La loi et la protection du mineur

Que se passe-t-il si l’enfant accomplit un acte juridique pour lequel il devrait être représenté (exemple : vente d’un bien de valeur importante)? Seul son tuteur peut demander l’annulation ou la réduction des obligations qui en découlent auprès du tribunal s’il peut prouver le préjudice causé.

C’est à 18 ans, âge de la majorité au Québec, que l’enfant devient pleinement apte à exercer tous ses droits civils (exemples : conclure un contrat important, disposer d’importants montants d’argent, faire un emprunt). Avant cet âge, il ne peut agir seul. Il doit être assisté et représenté par ses parents ou par son tuteur datif, sous l’autorité desquels il est placé. C’est ce qu’en langage juridique on appelle l’incapacité du mineur.

Cependant, cela ne signifie pas pour autant que cette incapacité est totale : celle-ci varie en fonction de son âge, de sa maturité, de son degré de discernement et de la nature des actes à accomplir.

Les droits généraux du mineur

La loi reconnaît à l’enfant mineur :

  • des droits scolaires de 6 à 16 ans;
  • la faculté de discerner le bien du mal (l’âge de raison se situe à environ 7 ans);
  • la capacité de donner son avis, d’être pénalement responsable, de donner son consentement à certains actes qui le concernent et de travailler.

Exemples

L’enfant peut :

Si le mineur a des revenus élevés ou qu’il fait des dépenses inconsidérées, le tuteur peut demander au tribunal de fixer les sommes dont l'enfant pourra disposer.

  • faire des achats concernant ses besoins ordinaires (vêtements, loisirs courants, etc.);
  • gérer seul les revenus qu’il a gagnés grâce à son travail ou à l'exercice d'un art ou d'un sport;
  • avoir un compte bancaire (Loi sur les caisses d’épargne et de crédit (art.22));
  • contracter un prêt étudiant pendant ses études secondaires ou collégiales et l’administrer comme une personne majeure (Loi sur l’aide financière aux études (art. 17));
  • léguer par testament ou donner des biens de peu de valeur (ordinateur, bicyclette, baladeur, disques, livres, meubles, etc.);
  • demander au tribunal d'annuler un acte que son tuteur a accompli seul, alors que l’autorisation du conseil de tutelle ou du tribunal était exigée, si cet acte lui porte tort ou qu'il nuit à ses intérêts, ou faire réduire les obligations qui en découlent;
  • demander la destitution de son tuteur pour des motifs sérieux.
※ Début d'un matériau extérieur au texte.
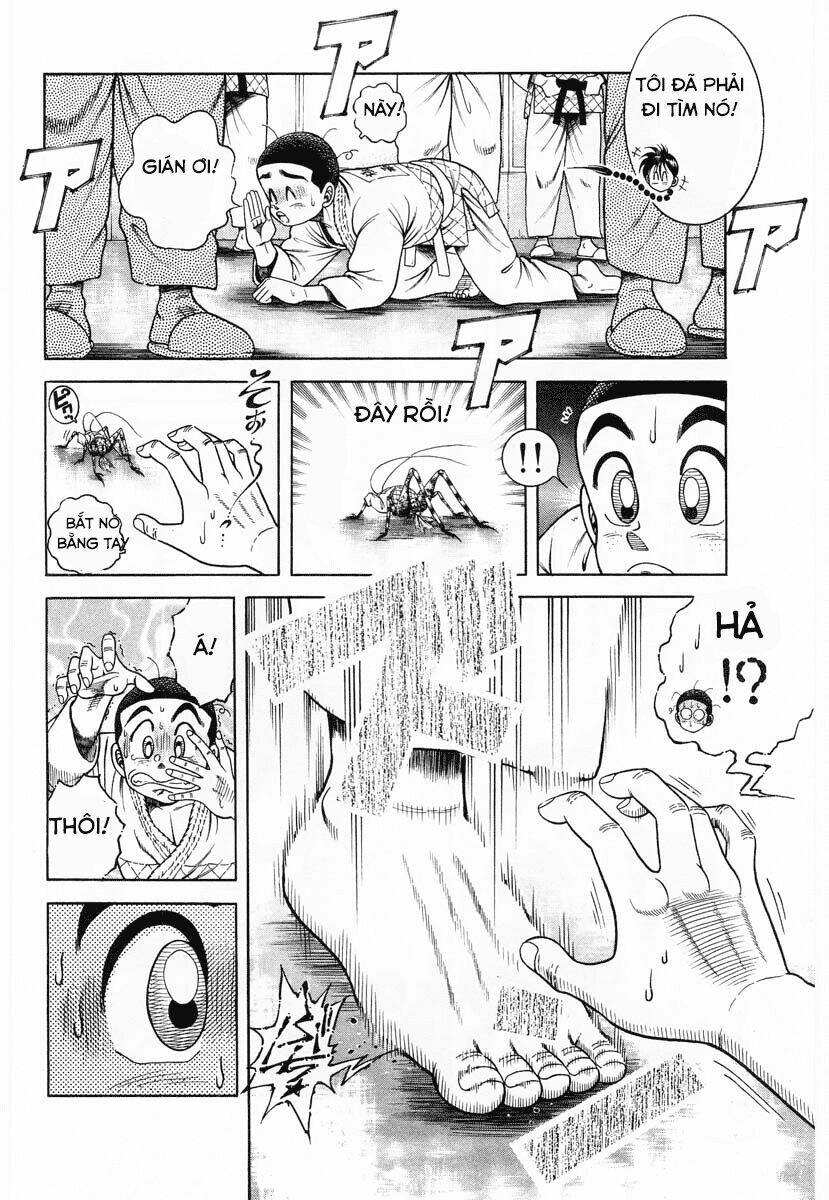 shin kotaro makaritoru! juudouhen chapter 48 18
Les droits du mineur de 14 ans

À partir de 14 ans, l’enfant est considéré comme majeur par le Code civil concernant tout ce qui touche à son travail ou à la pratique d’un art ou d’un sport. Il peut aussi faire tous les actes qui y sont liés (location d’un local de travail et paiement d’un bail, achat de matériel spécialisé…), en plus de disposer de l’argent qu’il gagne pour combler ses besoins courants.

L’âge de 14 ans constitue donc une étape importante dans l’acquisition progressive de l'autonomie du mineur. C’est aussi à partir de cet âge qu’on doit l’informer sur la gestion de ses biens en lui fournissant annuellement un rapport d’administration, quand la tutelle est sous la surveillance d’un conseil de tutelle et du Curateur public.

Les droits du mineur de 16 ans

Loi sur les syndicats professionnels (art. 7)

Loi sur la faillite et l’insolvabilité

À 16 ans ou plus, le mineur peut :

  • devenir membre d’un syndicat professionnel;
  • désigner un bénéficiaire dans un contrat d’assurance vie dans le cadre de son travail;
  • faire faillite avec autorisation du tribunal, si c’est dans son meilleur intérêt;
  • se marier avec le consentement de son tuteur – ce qui lui donne la pleine émancipation – ou divorcer, avec l’autorisation du tribunal.
Voir aussi : Le tuteur ad hoc.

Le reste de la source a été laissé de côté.